The Bulman-Weemol community is located in the heart of Arnhem Land, halfway between Katherine and Blue Mud Bay off the Gulf of Carpentaria. Nearby is Bodeidei Camp, an eco-tourism venture operated by Dreamtime Safaris that offers the experience of visiting the country of the Ngkalabon people, in cooperation with the residents of Weemol. The story of how this tourist venture came to exist is told by its founder, the French national Francois Giner, in Heart of Arnhem Land: a memoir (Longueville Media, 2011; translated from the French En Terre Aborigène, 2007).
Like many memoirs of life in remote Aboriginal Australia, Heart of Arnhem Land is a perplexing and occasionally maddening document. It offers a promise of cooperation and the hint of salvation. Yet it follows an all-too-familiar trajectory that begins in innocence and ends, despite its seeming best intentions, in misery and loss. Is this the inevitable plot line of encounters between western and Indigenous cultures? And then whose story is this?
Giner first came to Australia in the mid-1970s, but it wasn’t until about fifteen years later that he first traveled out to Weemol, where he met George and Maggie, elders of the community and began to establish a friendship with them. Within a few years, he had conceived of the notion of what was to become Bodeidei Camp, a place where Giner could bring his own countrymen to learn about Aboriginal ways and to explore the extraordinary beauty of the land his Ngkalabon friends had introduced him to. In the early pages of his memoir, Giner appears as a complex mixture of sympathetic outsider and eager entrepreneur. But he gains the trust of George and Maggie, and they agree to help him establish the camp as long as he remains respectful of their land, and takes care to have local escorts to insure that he and his guests do not unwittingly intrude upon sacred sites.

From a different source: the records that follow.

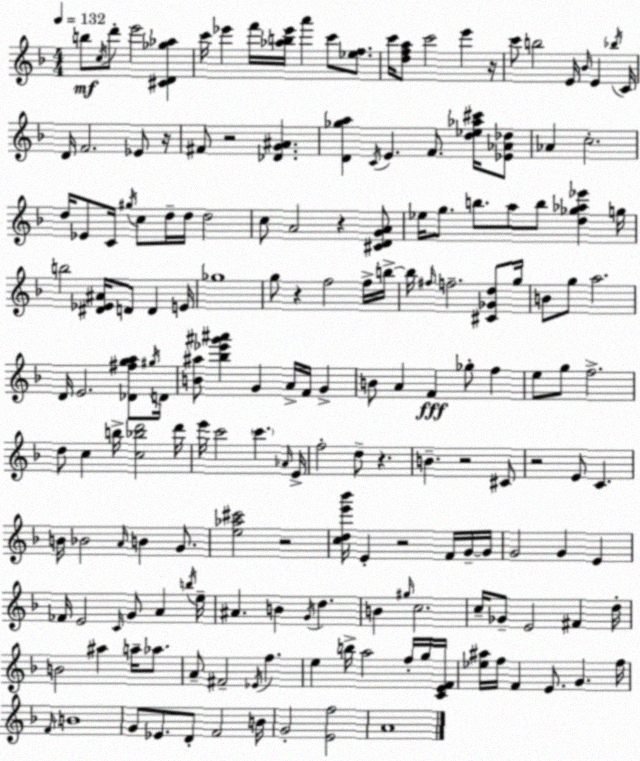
X:1
T:Untitled
M:4/4
L:1/4
K:F
b/2 c/4 d'/2 e'2 [^CD_g_a] c'/4 _e' f'/4 [_ab_e']/4 a' c'/2 [_ef]/2 c'/4 [dfa]/2 c'2 e' z/4 c'/2 b2 E/4 _B/4 E _b/4 C/4 D/4 F2 _E/2 z/4 ^F/2 z2 [_DG^A] [D_ga] C/4 E F/2 [d_e_a^c']/4 [_E_A_d]/2 _A c2 d/4 _E/2 C/4 ^g/4 c/2 d/4 d/4 d2 c/2 A2 z [^CDGA]/2 _e/4 g/2 b/2 a/2 b/2 [d_g_a_e'] g/4 b2 [^D_E^A]/4 D/2 D E/4 _g4 g/2 z f2 f/4 b/4 b/4 ^f/4 f2 [^C_Gd]/2 g/4 B/2 g/2 a2 D/4 E2 [_D^fga]/2 ^g/4 D/4 [B^a]/2 [_b_e'^g'^a'] G A/4 F/4 G B/2 A F _g/2 f e/2 g/2 f2 d/2 c b/4 [c_bd']2 d'/4 e'/4 c'2 c' _A/4 E/4 f2 d/2 z B z2 ^C/2 z2 E/2 C B/4 _B2 A/4 B G/2 [e_a^c']2 z2 [cde'_b']/4 E z2 F/4 G/4 G/4 G2 G E _F/4 E2 C/4 G/2 A b/4 e/4 ^A B G/4 d B ^g/4 c2 c/4 _G/2 E2 ^F d/4 B2 ^a a/4 _a/2 A/2 ^F2 _E/4 f e b/4 a2 f/4 g/4 [CEF]/4 [_e^a]/4 f/4 F E/2 G f/4 F/4 B4 G/2 _E/2 D/2 F2 B/4 G2 [Ef]2 A4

As the relationships deepen, Giner is adopted as George’s brother, and by 1992 the first incarnation of the camp has taken shape well enough to begin bringing tourists in to share in the glories of the bush. The activities of the camp receive very little attention in the remainder of the book; the memoir concentrates more on the people of Weemol, their trials and hopes, and the ways in which Giner becomes increasingly involved with local business of all sorts during the half-years he spends with them, and continues to spend in their company to this day.
If the first half of this memoir focuses on Giner’s introduction to the country and asserts both the spell it works on him and his desire to share its riches with his European compatriots, the second half treads in well-worn paths of disappointment and dysfunction. Even as he tries to create an economic engine in the tropical heart of Arnhem Land, Giner sees the onset of decay. There is confrontation with the government men who come to Weemol and Bulman, episodes of mutual mistrust and disdain. Alcohol begins to take hold even in the isolated camps, despite George’s attempts to assert his authority. The shuttling of individuals between the outback and the towns keeps the depredations at bay for a while, but there is the inescapable sense that the battle is already lost.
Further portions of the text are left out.